Every line from the start of the entries up to and including the one bearing "Deutscher im Grand-Slam-Endspiel: Djokovic" must be printed verbatim, without the pictures.

:: Material for this exercise

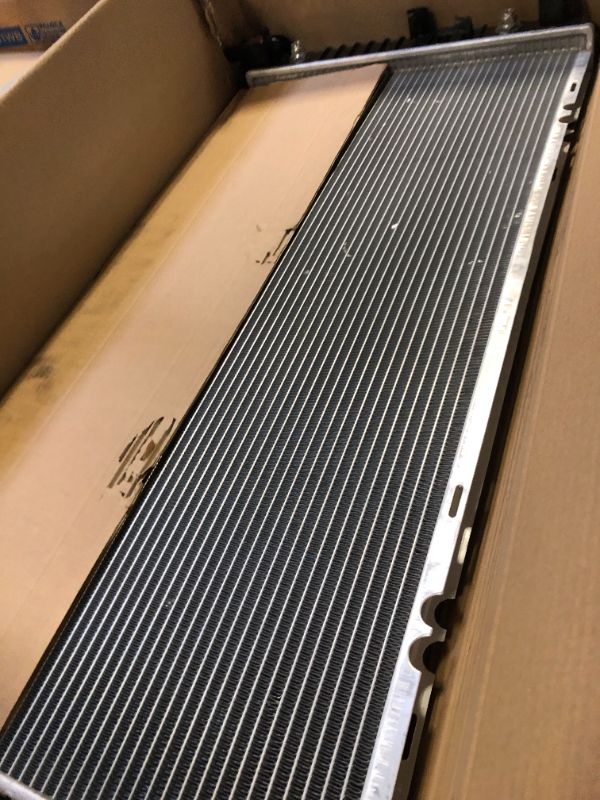 Photo 2 of DWVO 34 Inch Core Radiator Compatible with Chevy Silverado Suburban Tahoe Cadillac Avalanche Escalade GMC Yukon Sierra Hummer H2 4.3L 4.8L 5.3L 6.0L 6.2L DWRD1004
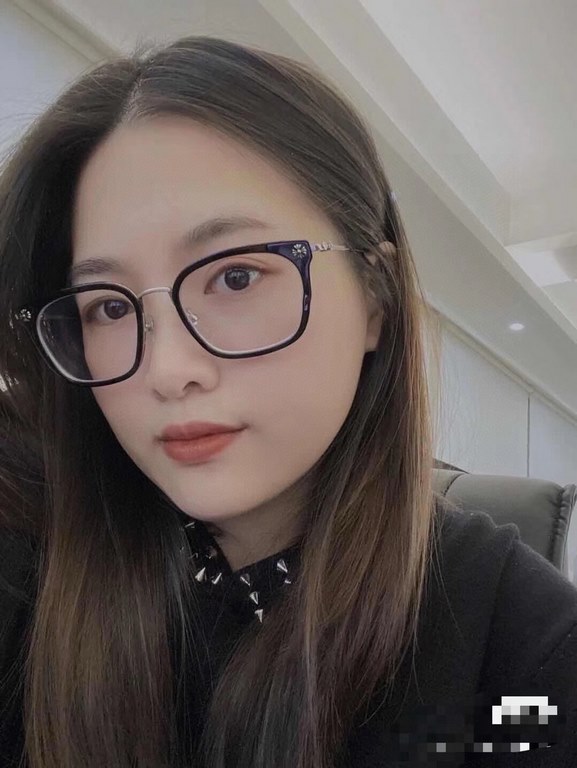 CHROME HEART pure titanium frameSimple cross flower and sword decoration, the whole eyeglasses have a very three-dimensional feelingGIZZNME SIZE52-22-148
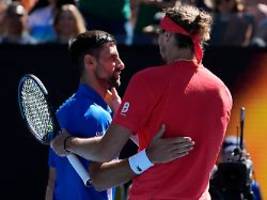 Deutscher im Grand-Slam-Endspiel: Djokovic gibt im Halbfinale gegen Zverev plötzlich auf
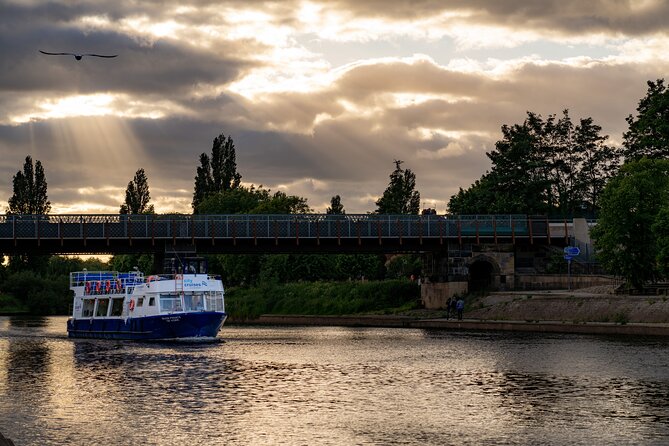 Evening 'Happy Hour' Boat Cruise For All Ages In York - Heated saloon comfort, and what to do if you get cold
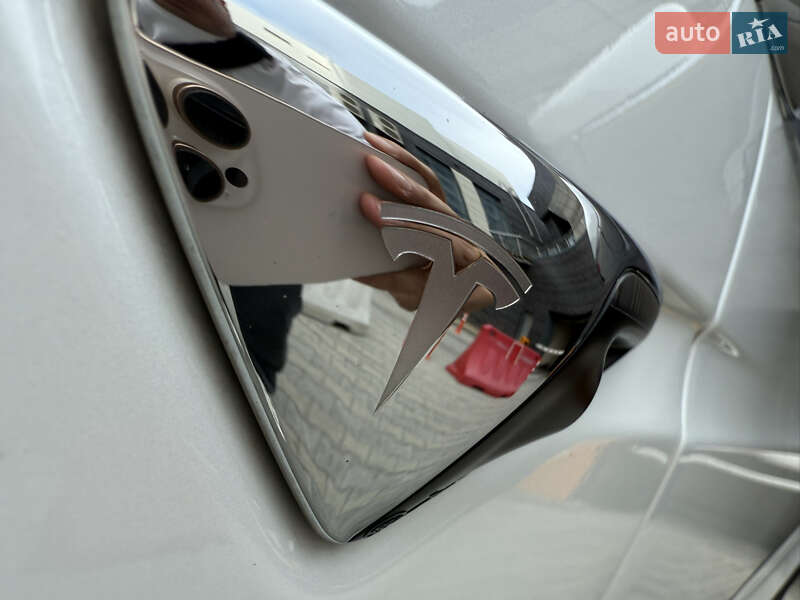 Внедорожник / Кроссовер Tesla Model X 2019 в Киеве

::::

§ **Reply to the task**
 Photo 2 of DWVO 34 Inch Core Radiator Compatible with Chevy Silverado Suburban Tahoe Cadillac Avalanche Escalade GMC Yukon Sierra Hummer H2 4.3L 4.8L 5.3L 6.0L 6.2L DWRD1004
 CHROME HEART pure titanium frameSimple cross flower and sword decoration, the whole eyeglasses have a very three-dimensional feelingGIZZNME SIZE52-22-148
 Deutscher im Grand-Slam-Endspiel: Djokovic gibt im Halbfinale gegen Zverev plötzlich auf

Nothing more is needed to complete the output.